One of the best things that happened to the Midwest and the city of St Louis today was the thousands of immigrants coming to this part of the country; with them they brought the passion for food, culture and ingredients.
Today, south St. Louis bustles with Hispanic-American culture particularly along Cherokee Street west of Jefferson Avenue. Since the early 1980s, numbers of Mexicans and other Latinos from South America have arrived in this predominately working-class neighborhood, which has seen many changes during the last decade. In years past, it was a hub for retail business in the area before going through a period of decline. In the 21st century Cherokee is thriving as a commercial center for the local Hispanic community.
This is a Quesito (Ke-see-toe) and it is delicious. It is so perfect in its simplicity; flaky puff pastry wrapped around sweetened cream cheese and buttery pineapple. It’s beautiful, in a shabby chic kind of way, nothing fussy, just rustic goodness with a generous dusting of powdered sugar.

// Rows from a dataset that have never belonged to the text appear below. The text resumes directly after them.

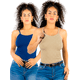 thumbnail image 1 of SET DE 2 BLUSA DE TIRANTES UNITALLA DE MUJER CANALÉ STRETCH, 1 of 5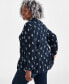 Plus Size Ikat Icon Tiered Long-Sleeve Shirt, Created for Macy's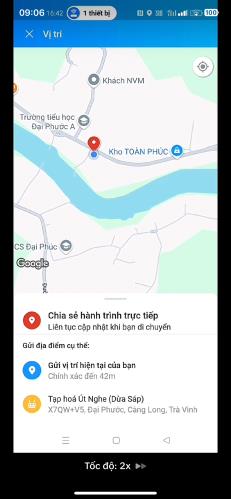 Bán đất khu vực xã Đại Phước, huyện Càng Long, Trà Vinh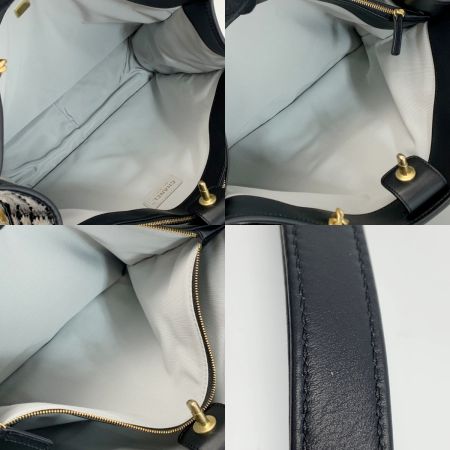  CHANEL シャネル トートバッグ ツイード 2022秋冬モデル ブラック×ホワイト レディース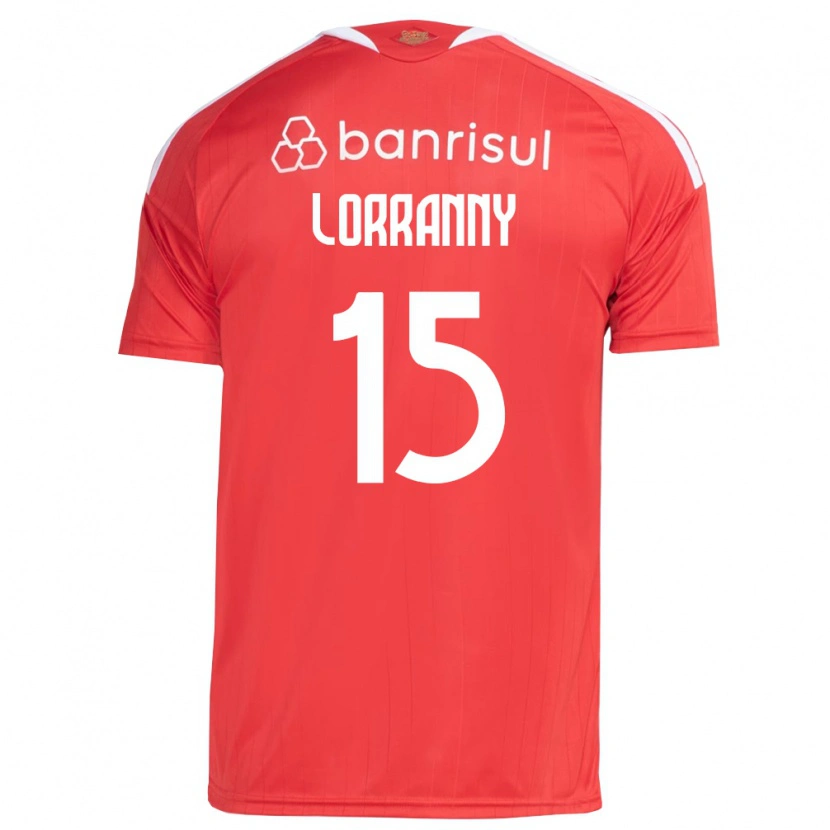 Danxen Kinderen Lorranny #15 Rood Wit Thuisshirt Thuistenue 2026/27 T-Shirt België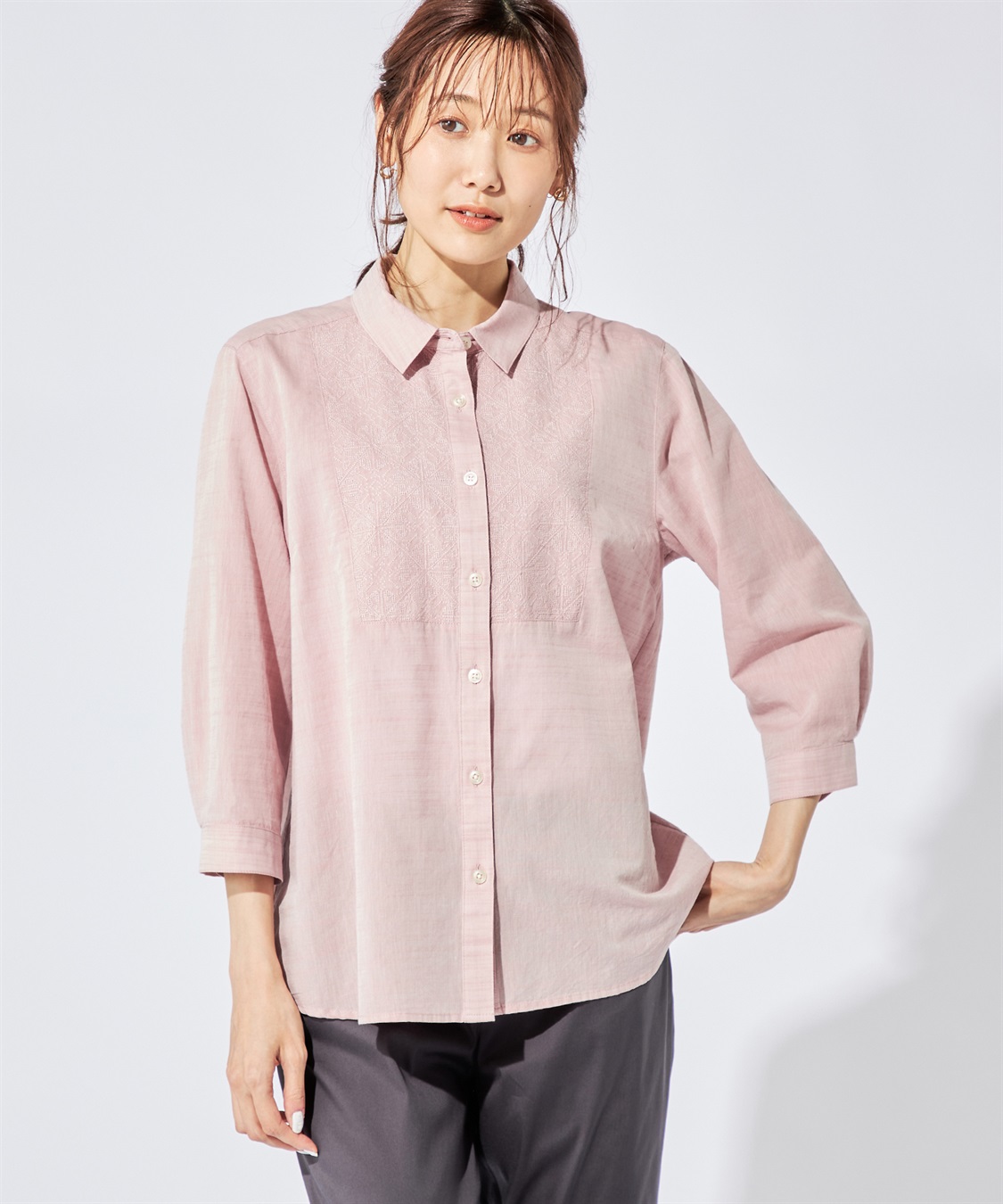 DECOY 刺しゅうブラウス_main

2 tablespoons unsalted butter
2 tablespoons brown sugar
2 cups fresh pineapple, chopped into small pieces
1 vanilla bean, split and seeds scraped out – 1 Table Vanilla
CREAM CHEESE FILLING:
1/2 cup (4 ounces) cream cheese, room temperature
2 teaspoons sugar
1 teaspoon vanilla extract
2 sheets puff pastry, thawed
Egg Wash (1 egg beat with 1 tablespoon water)
Sugar, for sprinkling on the pastry
Confectioners' (powdered) sugar for dusting the baked pastry
To make the quesitos:
Preheat oven to 400 degrees F. Line two baking trays with parchment paper.
In saucepan melt the butter over medium heat; add the brown sugar, pineapple and vanilla bean, with the seeds. Cook until the pineapple is tender and the juices have thickened to syrup.
Remove from heat and allow to cool slightly while you make the cheese filling.
To make cheese filling: In a bowl mix together the cream cheese, sugar and vanilla until smooth.
Cut the puff pastry into 4- to 5-inch squares, depending on the size of the puff pastry sheet you have. Spread the cheese filling in the middle of each piece of pastry.